Bizim tek derdimiz Suriye'deki bütün etnisiteler, bütün inanışlar Suriye'nin birliği bütünlüğü içerisinde kimseye tehdit oluşturmadan, hiçbir ülkenin sınırına göz dikmeden, hiçbir ülkeden kendi topraklarında terörist unsur, silahlı unsur bulundurmadan hayatlarına devam etsinler. Türkiye'nin istediği bu. Türkiye bölgede bir işgal ve dominasyon peşinde değil ama Türkiye'nin güvenlik taleplerinin tatmin edilmediği bir ortamda bizim burada rahat durma şansımız da yok. Bunu da açıkça söylüyoruz. Cumhurbaşkanımız da defalarca bunu ifade ettiler. Bizim bir numaralı siyasi refleksimiz her zaman için barış, sulh, iyi niyet, yapıcı bir yaklaşım.

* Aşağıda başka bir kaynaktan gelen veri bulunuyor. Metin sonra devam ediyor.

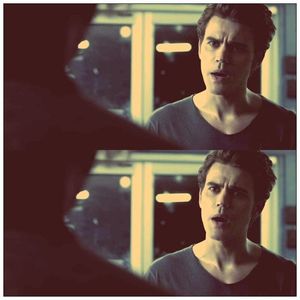 ╬┇ Sa fac ce, Katherine? Sa il salvez din nou pe nesabuitul de, Damon. #ma incrunt cand ii aud; intrebarea ei si ma revolt usor]
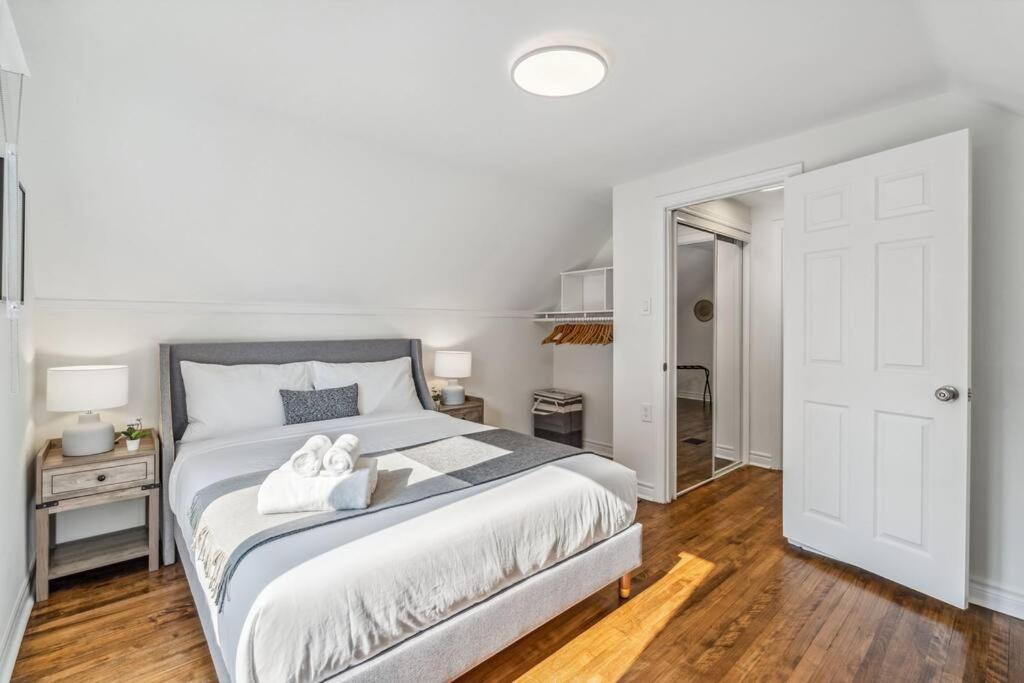 Heritage 3BR Etobicoke Gem, Sherway Gardens, BBQ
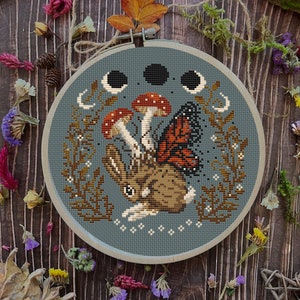 Patrón de punto de cruz de hibernación de fase lunar, carta de colores de conejo, muestra de bordado de liebre, lindo punto de aguja simple, fase lunar, mariposa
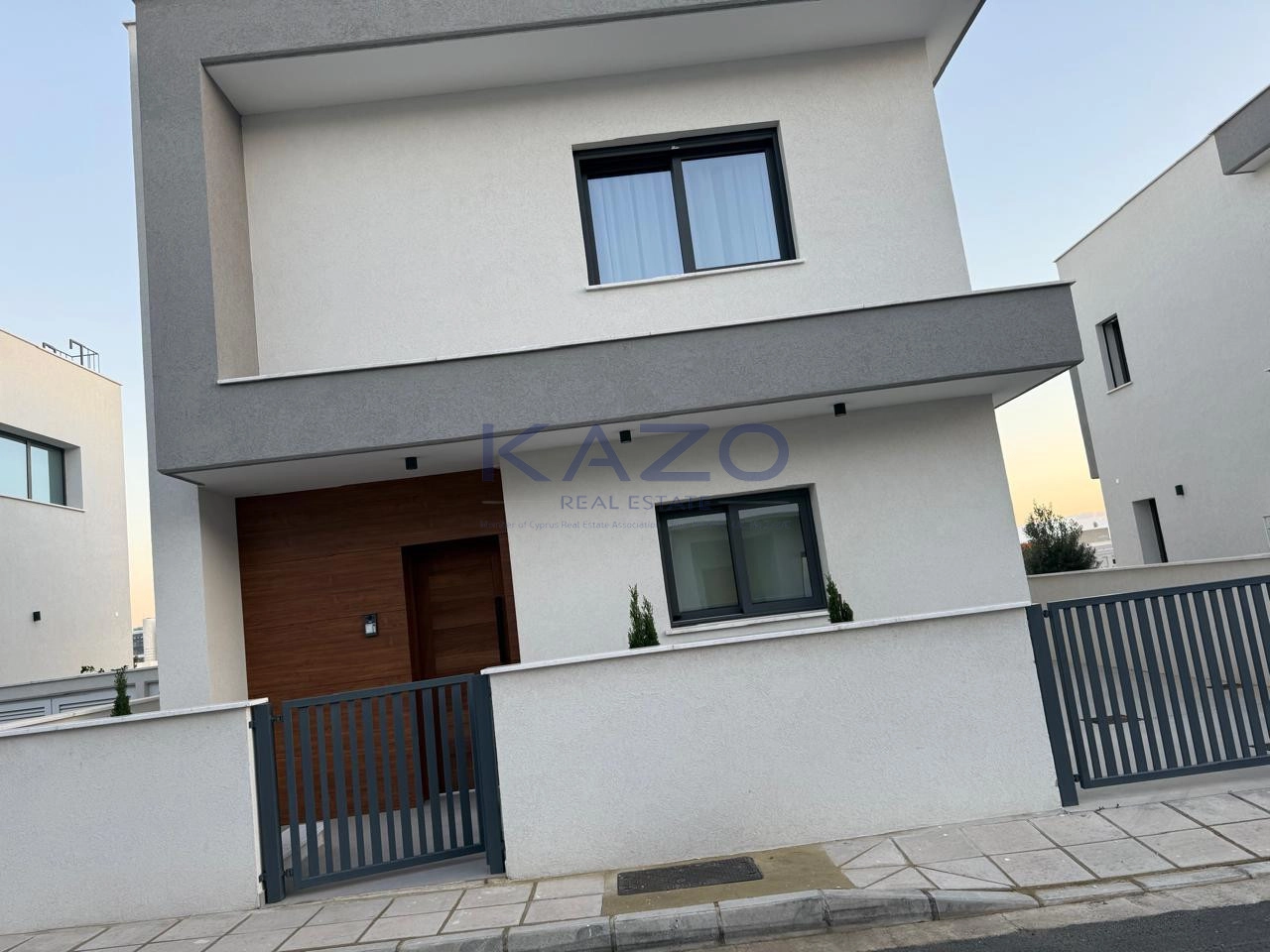 2 Bedroom House for Rent in Agios Tychonas, Limassol District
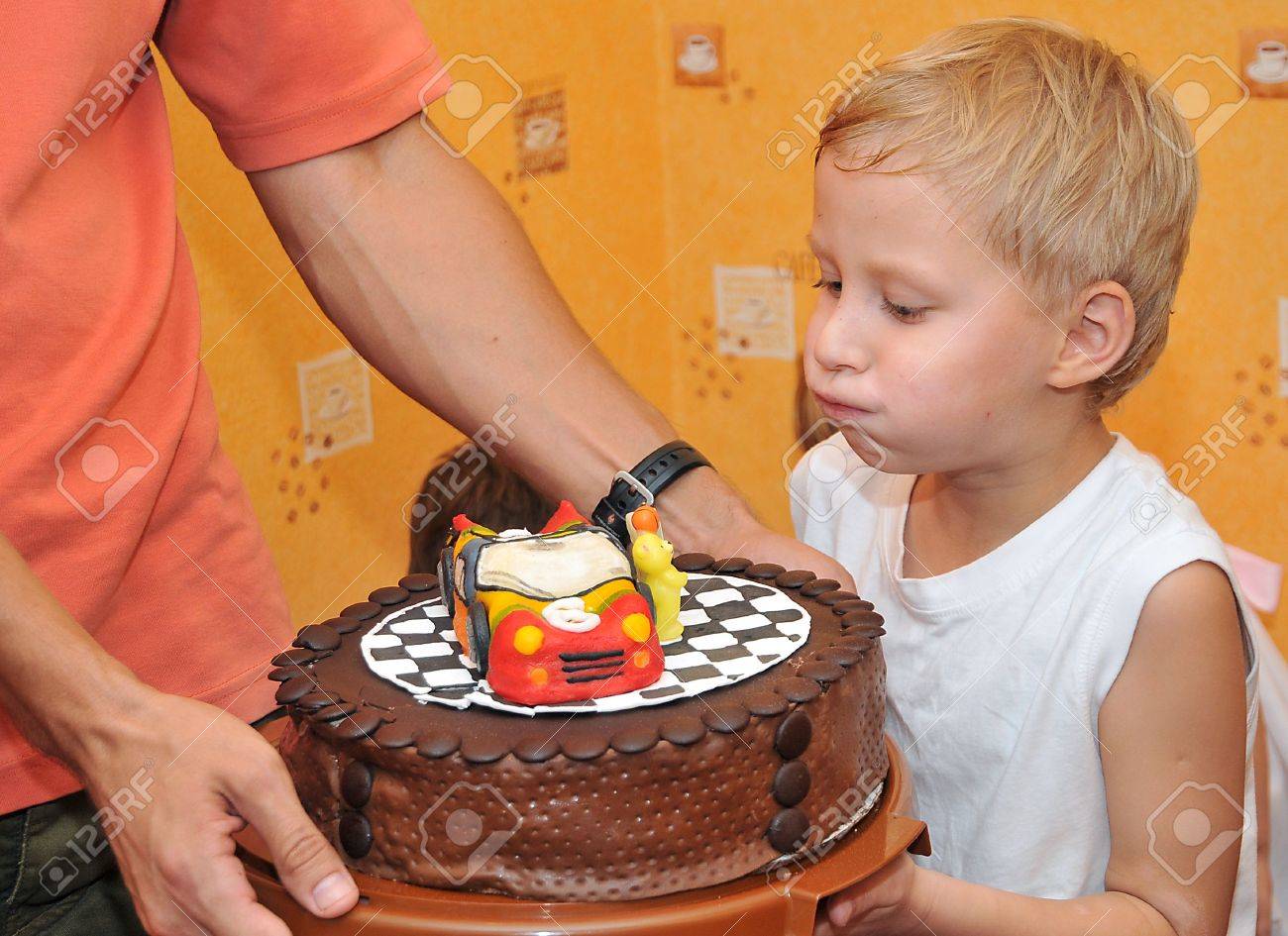 Garcon Soufflant Des Bougies Sur Un Gateau D Anniversaire Il A Deja 6 Ans Banque D Images Et Photos Libres De Droits Image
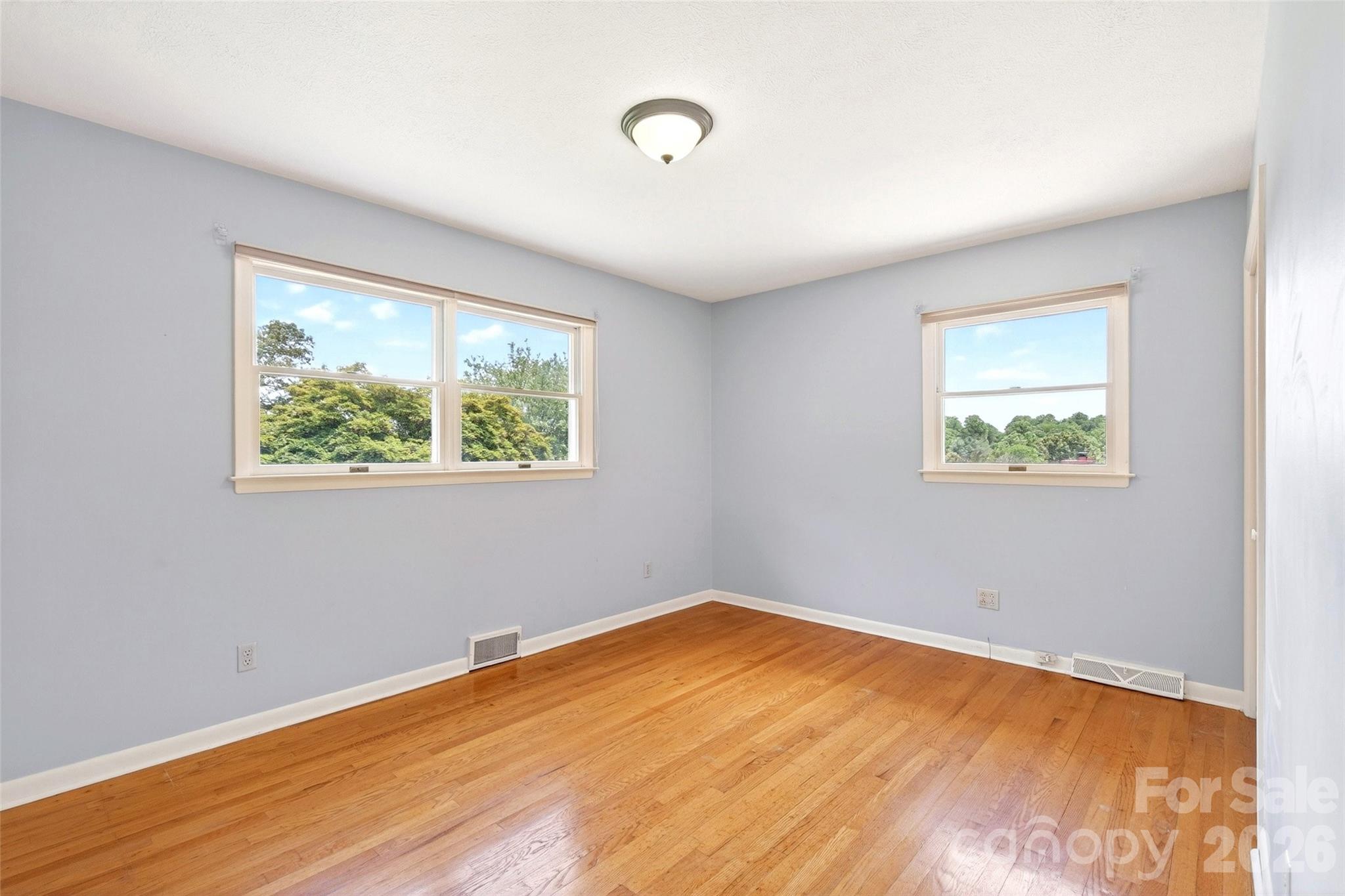 35 Mountain Terrace — Asheville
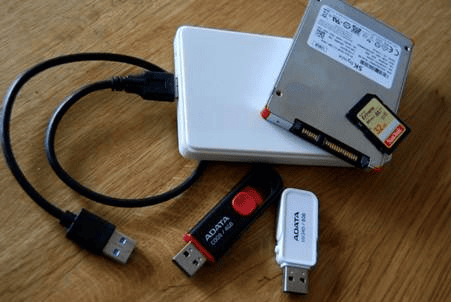 Obsah obrázku kabel, elektronika, přístroj, Elektronické zařízení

YPG yönetimi, Şam yönetimi ile olumlu bir angajmana girsinler. Suriye'nin geleceğini beraber inşa etmek için ellerinden geleni yapsınlar. Oradaki silahlı unsurlarla dünyadan topladıkları bir ton teröristle Türkiye ve bölge için tehdit olmaktan çıkarsınlar kendilerini bir an önce. Biz bunu istiyoruz.